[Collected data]

------------------------------------------------------------

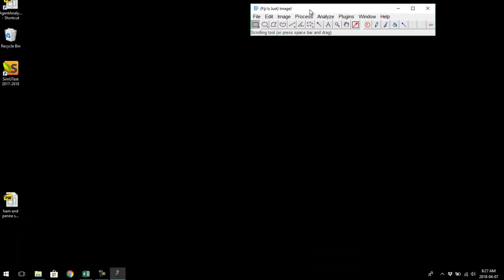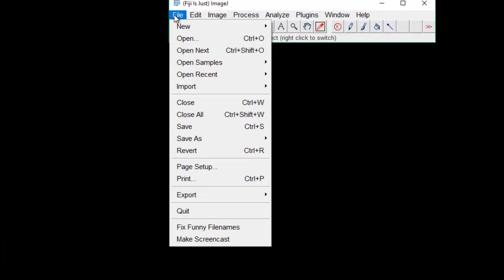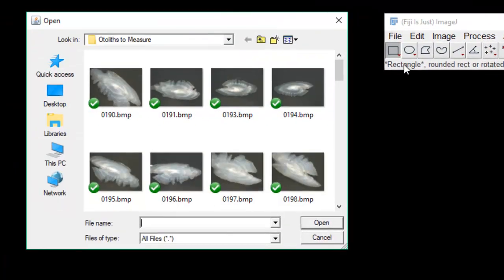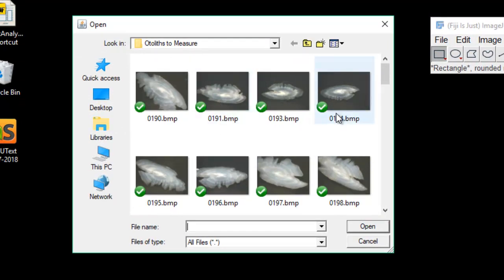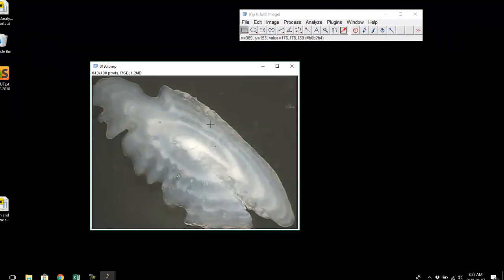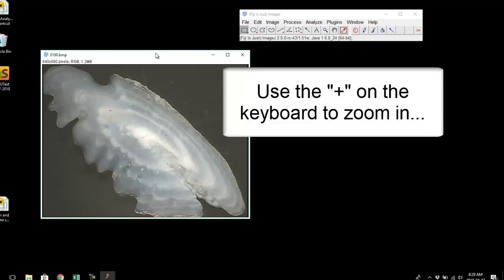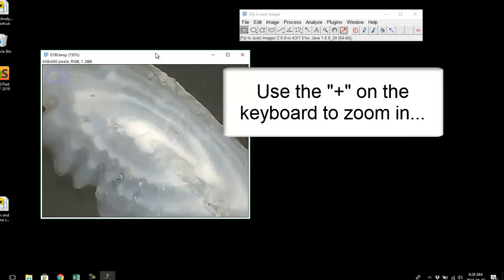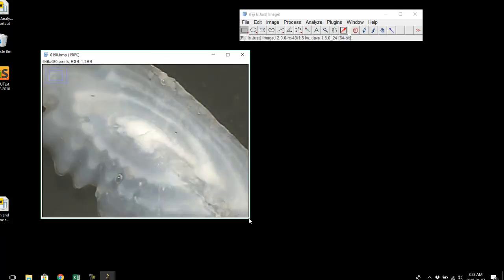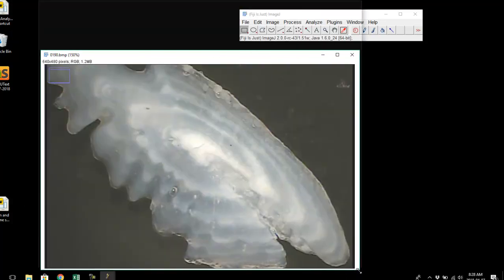Now the macro is ready to go and we need to load in an image of an otolith. I've got some sawguy otoliths here. I'll take the first one — you can see the otolith, the focus, and the annuli. I want it a bit bigger so I can more easily see where I'm marking. Hit the plus symbol on your keyboard to zoom in, and you can also drag the window to be a little bigger.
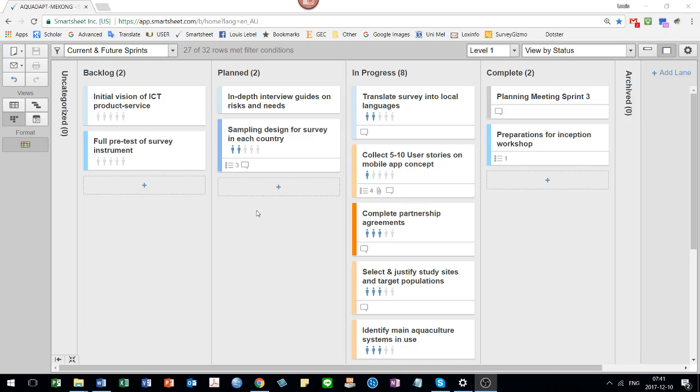This video is about getting a better understanding of the different views available in Smartsheet: card view and grid view.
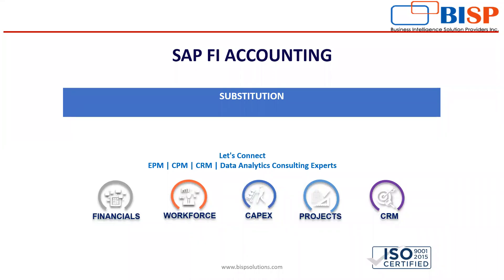Hello everyone, in this video I will explain how we do substitution in SAP documents. The need for substitution is similar to validation—we ensure the consistency and correctness of data entered in financial accounting documents.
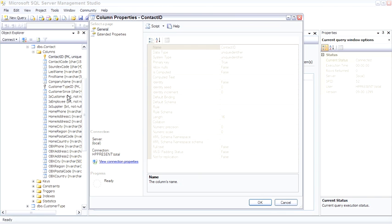And this tells you a number of things about the column. For example, the data type, is it a primary key, does it allow nulls, is it a computed identity, and again, we're going to talk about a lot of this information as we go through this series.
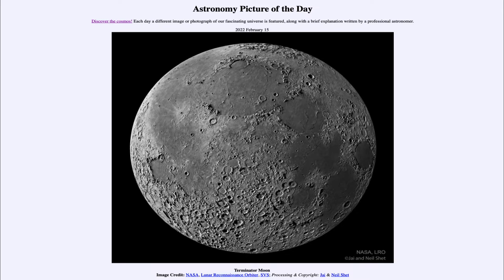Greetings and welcome to Introduction to Astronomy. One of the things I like to do in each of my introductory astronomy classes is to begin the class with the Astronomy Picture of the Day from the NASA website at apod.nasa.gov/apod. Today's picture is for February 15th of 2022.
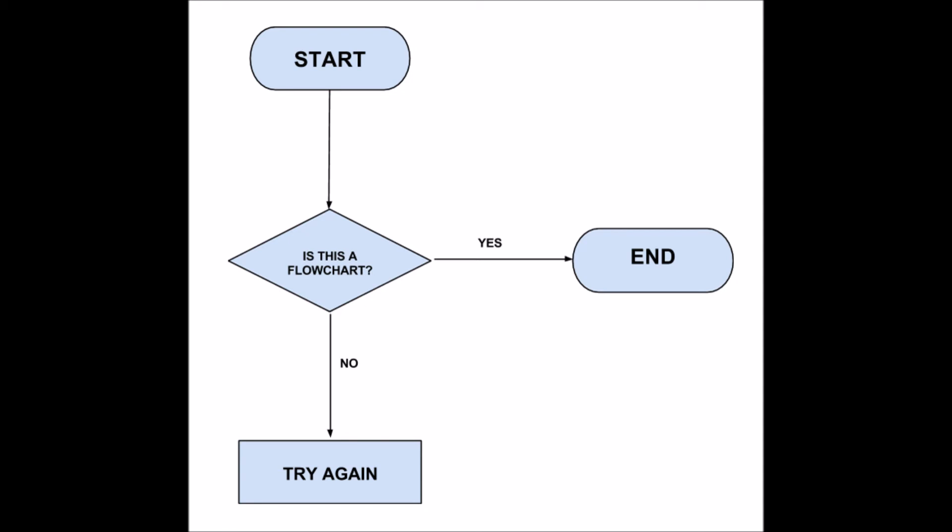Now the process try again could have a very long and complex flowchart attached to it or it could simply be the flowchart above again.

------------------------------------------------------------

How to complete this task -
Starting at the first line of the data, set down each line exactly until you have copied the line with "This video is", but leave the pictures out.

Expected answer -
Now the macro is ready to go and we need to load in an image of an otolith. I've got some sawguy otoliths here. I'll take the first one — you can see the otolith, the focus, and the annuli. I want it a bit bigger so I can more easily see where I'm marking. Hit the plus symbol on your keyboard to zoom in, and you can also drag the window to be a little bigger.
This video is about getting a better understanding of the different views available in Smartsheet: card view and grid view.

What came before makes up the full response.